Worldwide gold demand experienced a drop of 9 percent in the third quarter of 2017 compared with the same period in 2016, said the World Gold Council’s latest gold demand trends report.
According to the council, a softer quarter in the jewelry sector and a substantially lower inflows into exchange-traded funds (ETFs) led this decline in gold demand.
Global jewelry demand dropped 3 percent year-on-year in the third quarter, amid the introduction of Goods & Service Tax. In addition, the stricter anti-money laundering regulations around transactions in India discouraged even more buyers.
ETFs had another quarter rich with positive inflows, but these fell short of the notable 144t influx into the sector during the third quarter of 2016.
By contrast, central bank demand stood healthy in the third quarter, rising 25 percent year-on-year to 111t, while investments in bar and coin grew 17 percent stronger to 222t even if it came from a low base.
A Sharp Drop in India
Although it exhibited a robust growth in the first half, jewelry demand deteriorated in India during the third quarter due to regulatory intervention.

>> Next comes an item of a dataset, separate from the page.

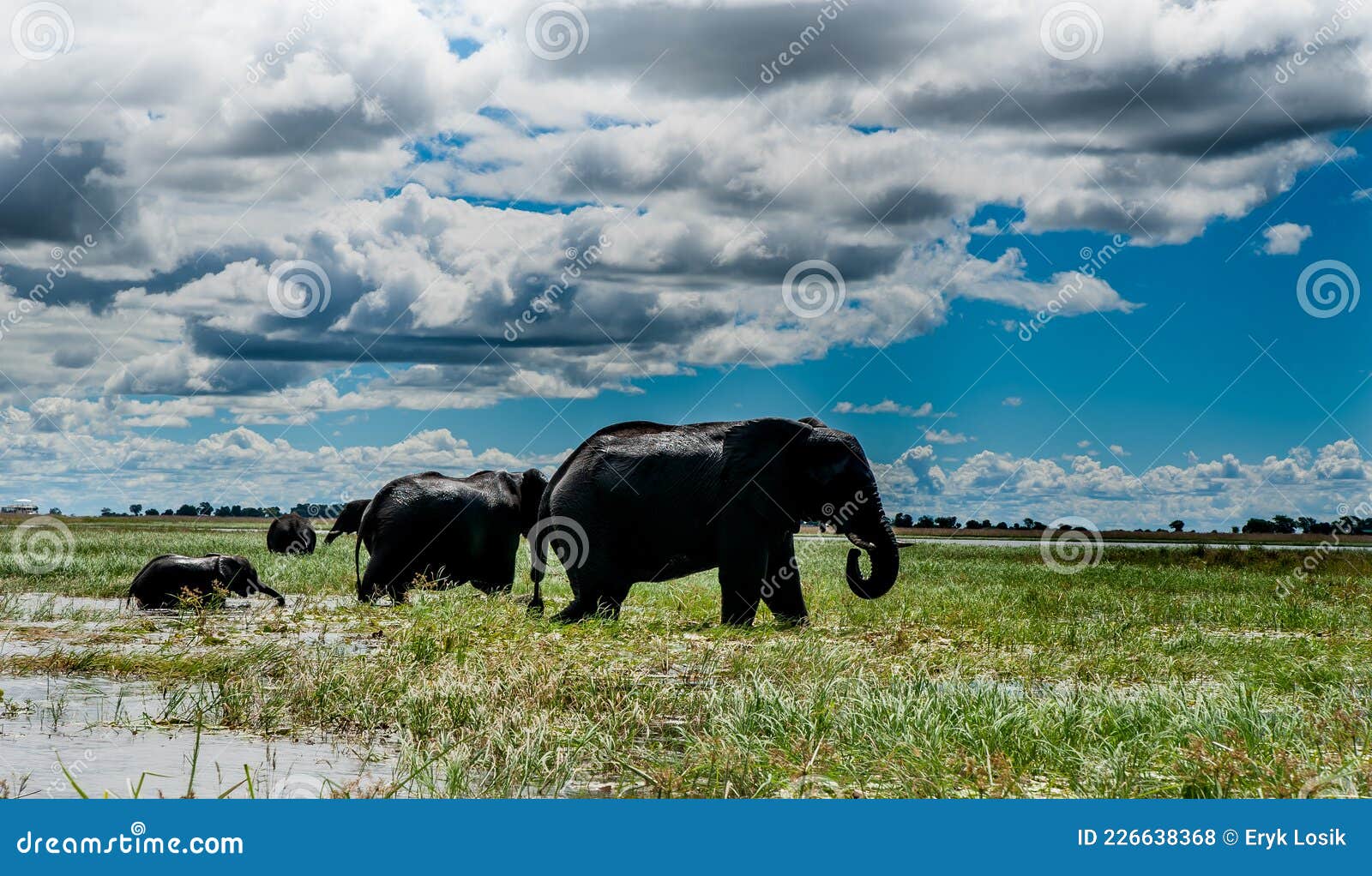 走通过在一条直线的非洲灌木的大象牧群，赞比亚，南非 库存图片. 图片 包括有 灌木, 户外, 自然, 破擦声 - 105123069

Following three consecutive quarters of growth, demand plummeted 25 percent year-on-year to 114t.
The council cited the introduction of the 3 percent Goods & Service Tax in the beginning of July as a contributing factor. According to them, a large swathe of Indian consumers had pre-empted the introduction of GST by bringing forward their gold purchases to the second quarter.

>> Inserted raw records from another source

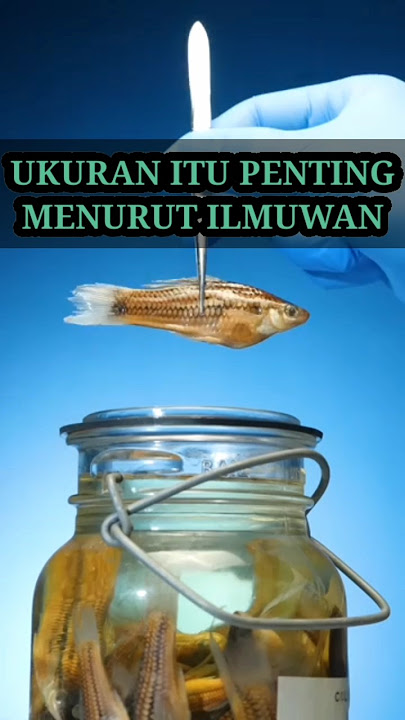ukuran itu penting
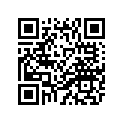4BP-24110-20-05 4BP241101006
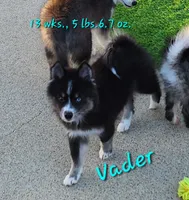 processed/ef0ff75c-8250-4d5f-9df5-f17d730d1811/listing/be9e33ba-4f84-45fb-90fe-a276cd05184a/2c566c93-7ad3-4102-b118-aacc1954e09a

This has left demand slightly flat in the beginning of July.
Meanwhile, the jewelry trade struggled much with the new tax system. According to the council, large, organized retailers, which have sophisticated accounting and inventory-management system, were able to cope with the GST transition.
However, smaller, unorganized retailers faced difficulties.

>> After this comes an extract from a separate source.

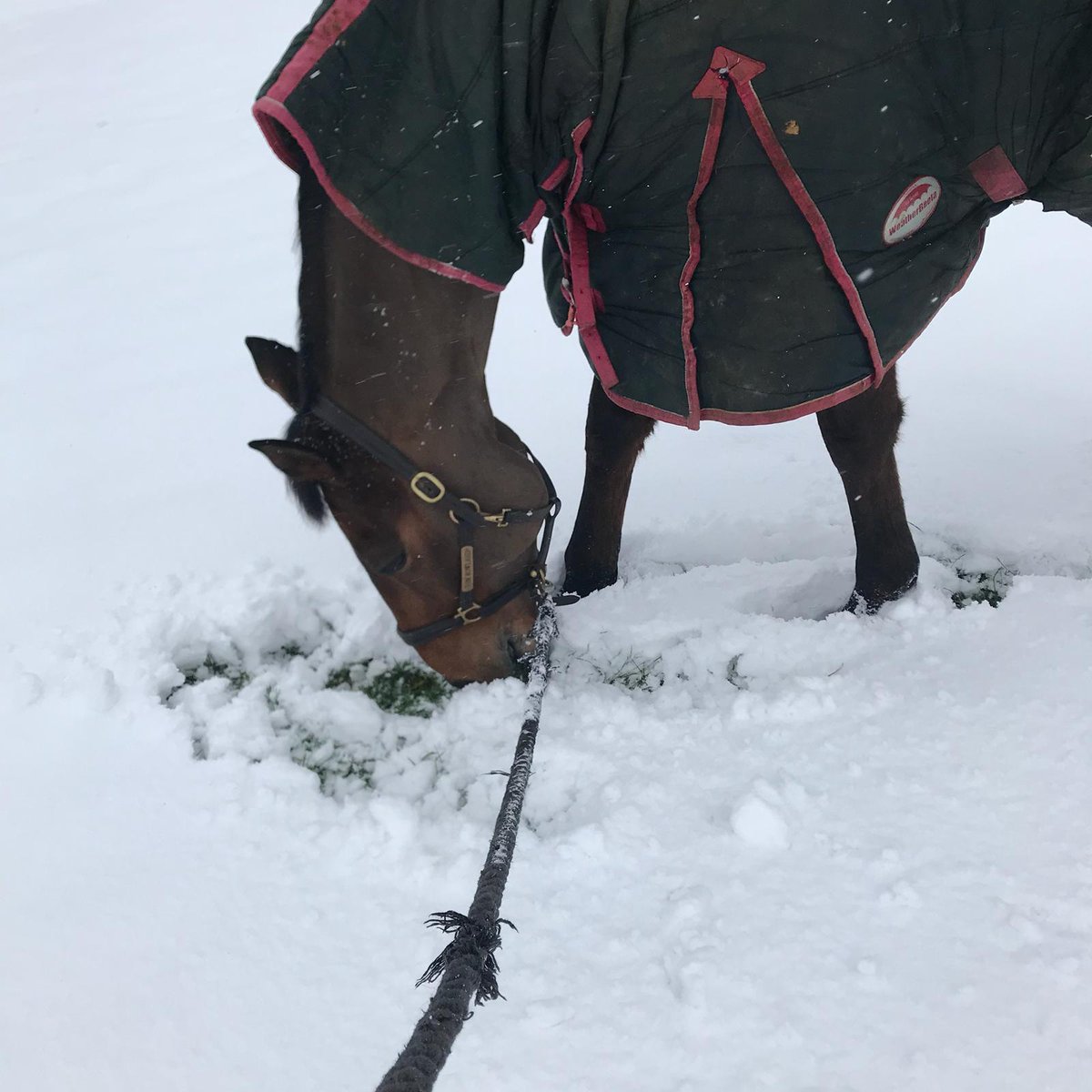 treventing's tweet photo. Snow day here at AK - Renee and Naomi Watkins’ Very Good Tempo is enjoying a leg stretch and a sniff of the white stuff "I'm sure there was grass here once" #treventing #TeamRowland #EquineHour #hardworkpaysoff #nextseasongoals #eventing #twohearts https://t.co/edNmMUJLi6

“It was a tough quarter for gold demand. India was coming to terms with GST and anti-money laundering regulations and, although we saw EFT inflows at 19t, they were significantly lower than last year,” said Alistair Hewitt, Head of Market Intelligence at the World Gold Council.
“But there were some real bright spots: retail investment demand in China grew for the fourth consecutive quarter; the Turkish and Russian central banks added to gold reserves; and, after years of declines, we also saw increased use of gold in technology, supported by demand for high-end smartphones,” added Hewitt.
Total Supply Fell
In a separate report, the council stated that mine production in the third quarter fell over 1 percent year-on-year to 841t. They added that production varied among major producers.
The council said that the Chinese gold mind production, which has been the largest producer since 2007, registered its fifth year-on-year decline in the third quarter.
Recently imposed regulations have targeted the discharge of cyanide in the tailings. The council said that these may continue to bite and may impact production for several more quarters.
Meanwhile, the ongoing dispute between Acacia Mining and the government of Tanzania has disrupted production in that country, resulting in a total of 15 percent fall year-on-year in the third quarter. Output of Acacia mining dropped 7 percent year-on-year.
Recycled gold supply in the third quarter hit 315t, which was nearly 6 percent lower than in the third quarter of 2016.
Recycling continues to normalize after the spike in 2016, with third quarter demand almost directly in line with the five-year quarterly average of 314.8t, according to the council.
In Europe, the depletion of near-market supplies continued to put a cap on the recycling level. The 5 percent quarter-on-quarter decline in the quarterly-average gold price in the third quarter did not help.